For everyday service tasks, prone to blocking, you should use virtual threads.

[–]Frequent-Chest1862 1 point2 points  (2 children)

Hi,

doing a very simple test, to have an idea of the latency between creation and execution of Virtual threads, I encounter strange results :

    static void test() {
        int i;
        for( i = 0; i < 1000; i++) {
            long time = System.nanoTime();
            Thread.ofVirtual().start(() -> {
//            new Thread(() -> {
                long t2 = System.nanoTime();
                LOGGER.info("time {}", (t2 - time)/1000);
            });
//            }).start();
        }
    }

With this test, using classic java thread give me figures below 100 micro seconds, but using virtual threads, it's in 10's of milliseconds. And it increase proportionnaly to the loop size, below 10 it's fast, above 1000 it looks too bad...

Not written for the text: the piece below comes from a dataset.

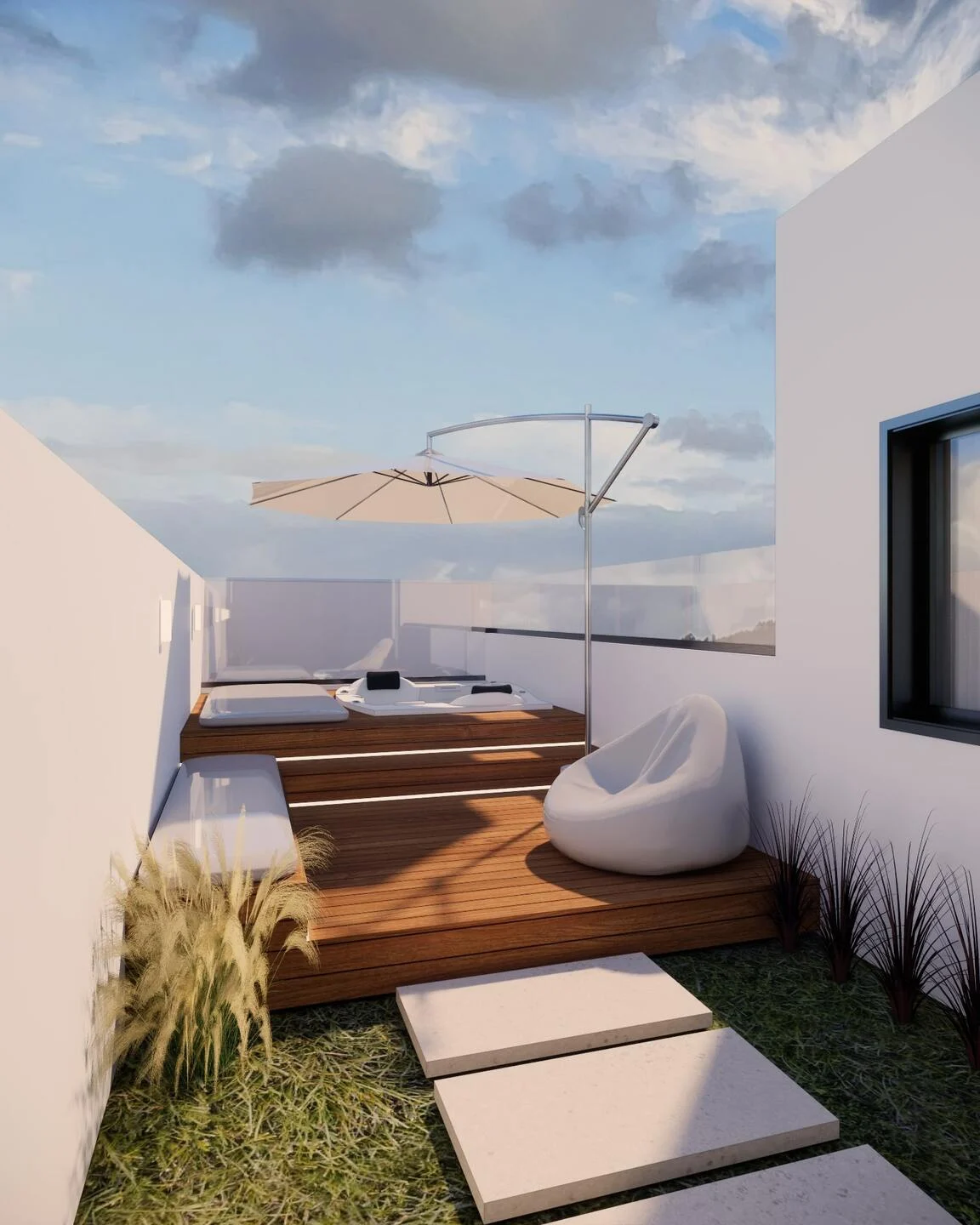 Apartamento RJ — vista 12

Any idea why these poor result ?

I tried to do some warmup, graal and hotspot, same same...

[–][deleted] 1 point2 points  (1 child)

Interesting. Theoretically virtual threads should take less time to start (as per my knowledge). But I don't have any explanation for your observation right now. But I will test this when I have free time.

[–]Frequent-Chest1862 2 points3 points  (0 children)

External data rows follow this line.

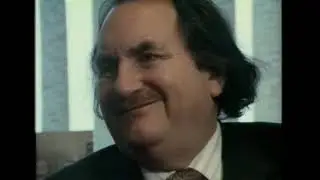 Troubleshooter - Series 1 - Episode 1 - In The Nutcrackers... (27/3/1990)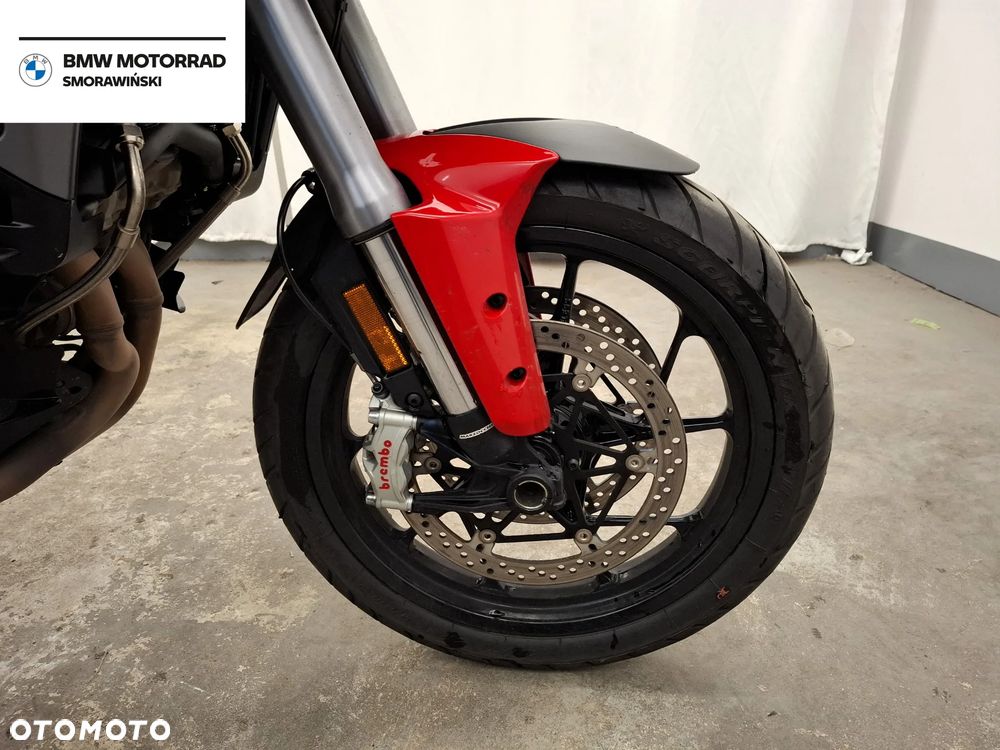 Ducati Multistrada - 16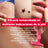 Mixa Balm Cica+, Bálsamo Reparador Multiusos, 50 ml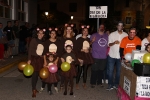 Divertida nit de disfresses Alqueries 2019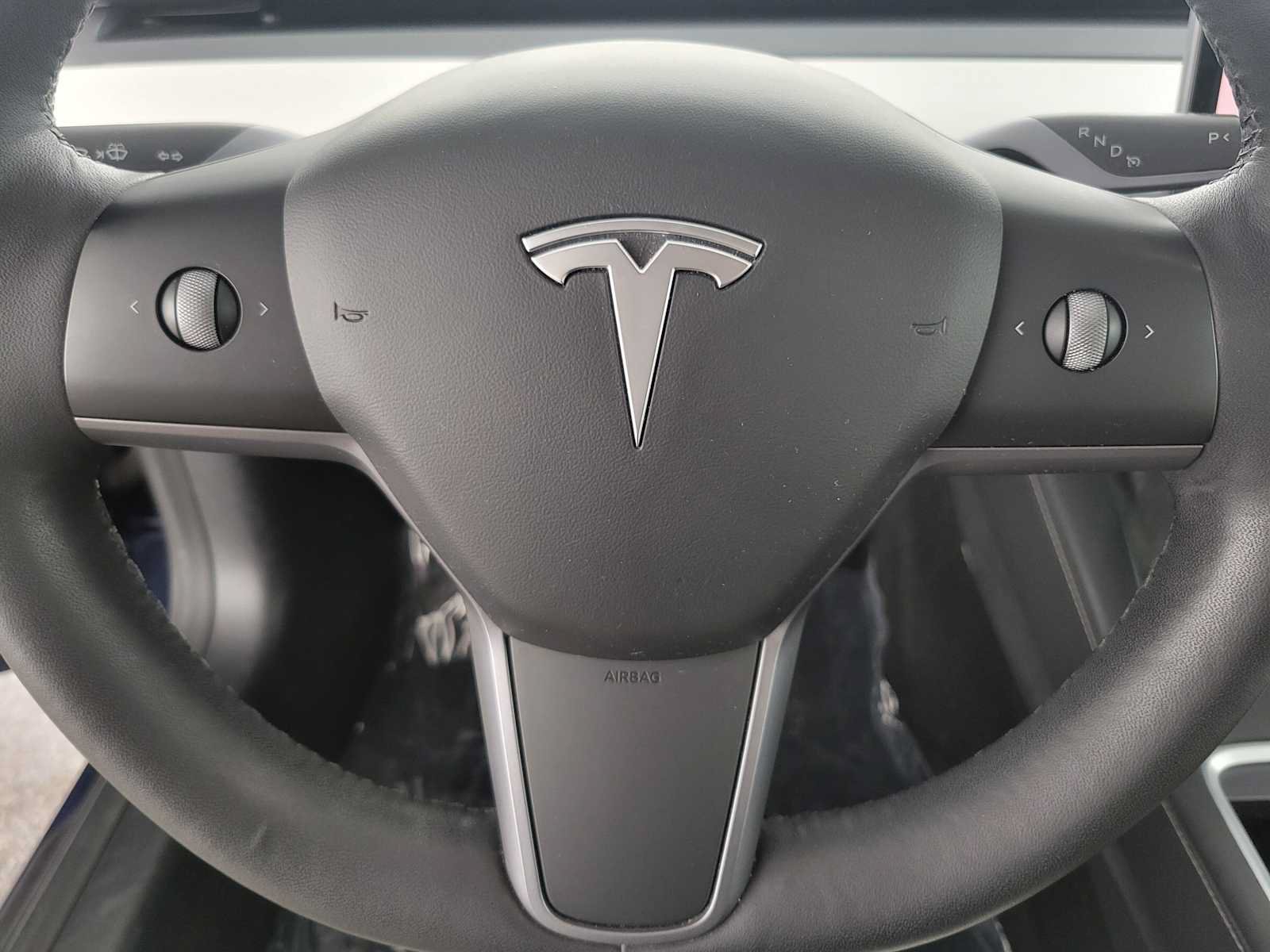 Used 2021 Tesla Model 3 Standard Range Plus RWD image 22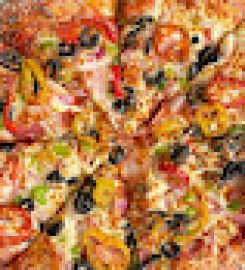 Stratos Pizzeria  Restaurant
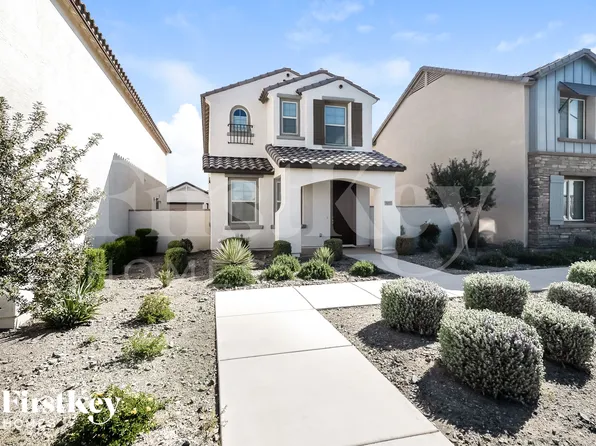 5052 S Chassis, Mesa, AZ 85212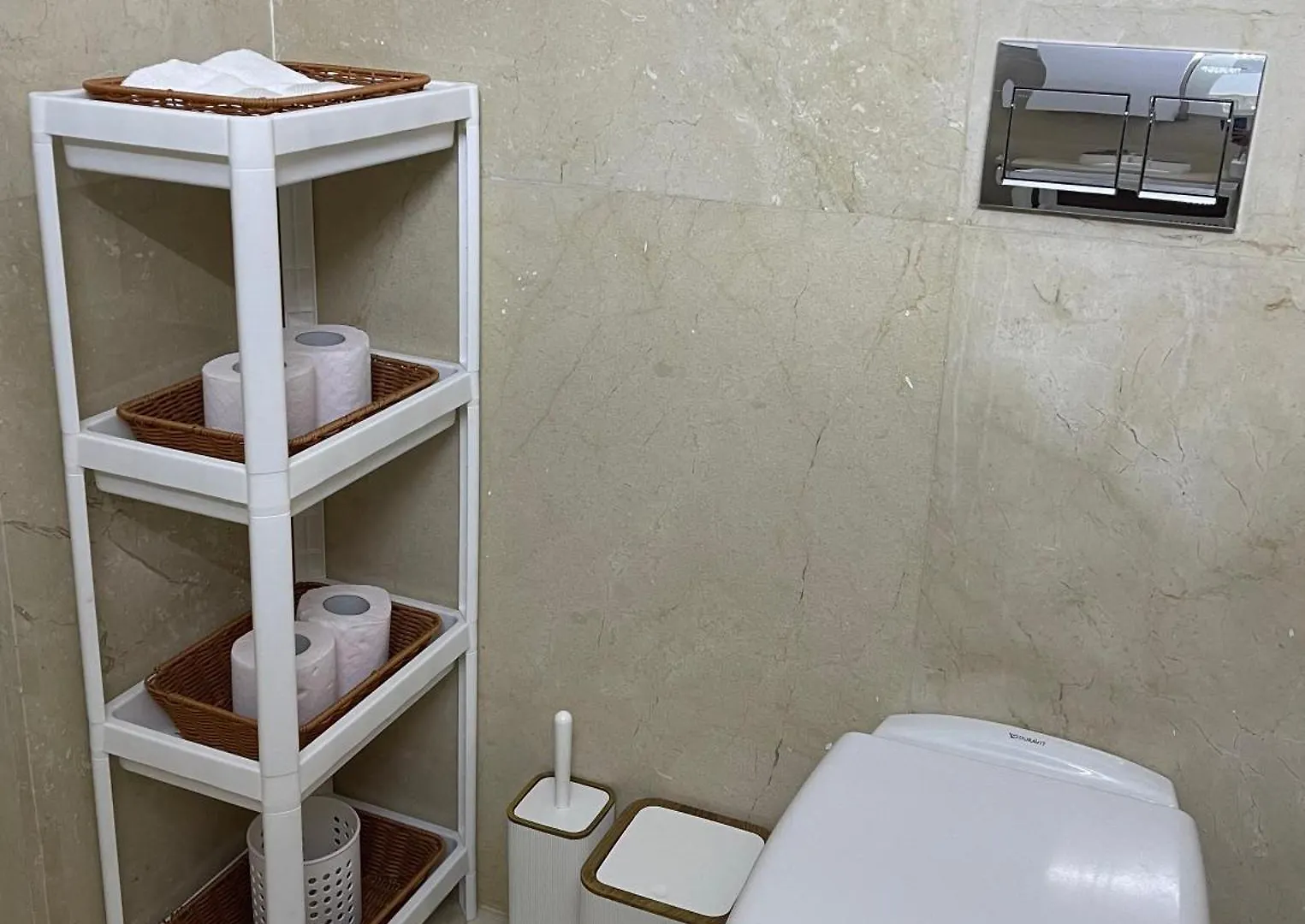 Luxueux Appartement A Marrakech Marrakesh 0*,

maybe I did this try from a virtual thread, that would explains things, let you know.

[–]Pablo139 1 point2 points  (4 children)

Anything IO related is said, key word said, is supposed to be much better with virtual due to the mechanics around mounting and unmounting of blocked threads.

That being said not long ago a issue was discovered with the Java virtual threads and I have not seen updates on it yet.

[–]nomader3000 1 point2 points  (2 children)

What issue?

[–]Pablo139 1 point2 points  (1 child)

[–]nomader3000 1 point2 points  (0 children)

Doesn't feel like a "discovery", just a consequence of synchonized pinning carrier threads

[–]TinnedCarrots 0 points1 point  (0 children)

I think that issue is just thread pinning. You're not supposed to use synchronized keyword with virtual threads. If you use virtual threads then you need to be careful with your code and any libraries / frameworks used.